In the listing that follows, the range to quote begins at the line that has "Thermalright A70 White, weiß, Glasfenster" and ends after the line that has "Apartmán Kvarner - Crikvenica KV 2091 N1"; quote it verbatim and add nothing.

Dataset extract >>
/---
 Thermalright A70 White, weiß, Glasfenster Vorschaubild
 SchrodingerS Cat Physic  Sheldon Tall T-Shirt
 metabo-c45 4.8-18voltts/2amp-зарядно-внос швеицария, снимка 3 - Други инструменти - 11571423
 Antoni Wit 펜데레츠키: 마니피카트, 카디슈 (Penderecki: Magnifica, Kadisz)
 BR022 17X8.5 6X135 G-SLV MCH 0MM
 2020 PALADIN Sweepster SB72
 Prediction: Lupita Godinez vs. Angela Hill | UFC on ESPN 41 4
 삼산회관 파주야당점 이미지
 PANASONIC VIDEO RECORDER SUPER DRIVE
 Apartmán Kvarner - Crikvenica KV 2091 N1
\---
/---
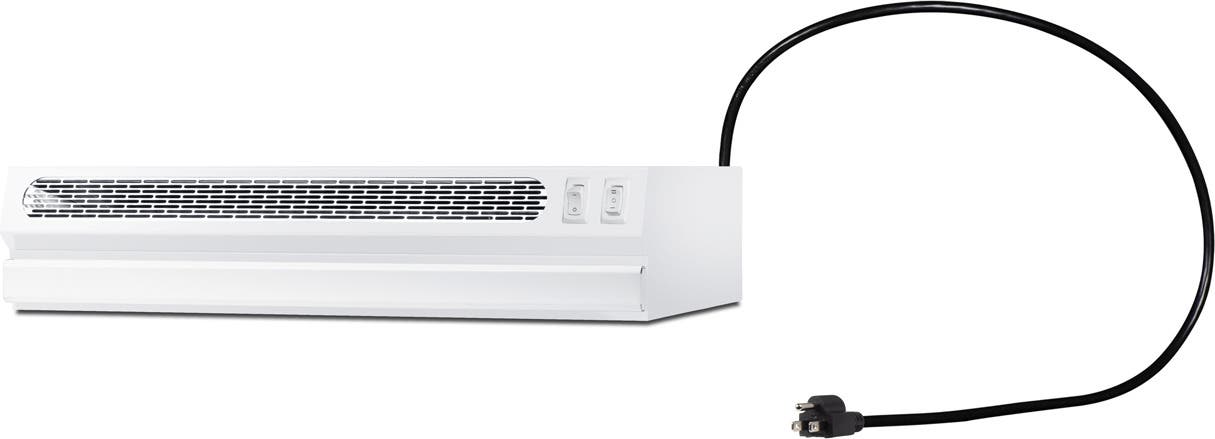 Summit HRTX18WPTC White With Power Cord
\---
Your solution >>
 Thermalright A70 White, weiß, Glasfenster Vorschaubild
 SchrodingerS Cat Physic  Sheldon Tall T-Shirt
 metabo-c45 4.8-18voltts/2amp-зарядно-внос швеицария, снимка 3 - Други инструменти - 11571423
 Antoni Wit 펜데레츠키: 마니피카트, 카디슈 (Penderecki: Magnifica, Kadisz)
 BR022 17X8.5 6X135 G-SLV MCH 0MM
 2020 PALADIN Sweepster SB72
 Prediction: Lupita Godinez vs. Angela Hill | UFC on ESPN 41 4
 삼산회관 파주야당점 이미지
 PANASONIC VIDEO RECORDER SUPER DRIVE
 Apartmán Kvarner - Crikvenica KV 2091 N1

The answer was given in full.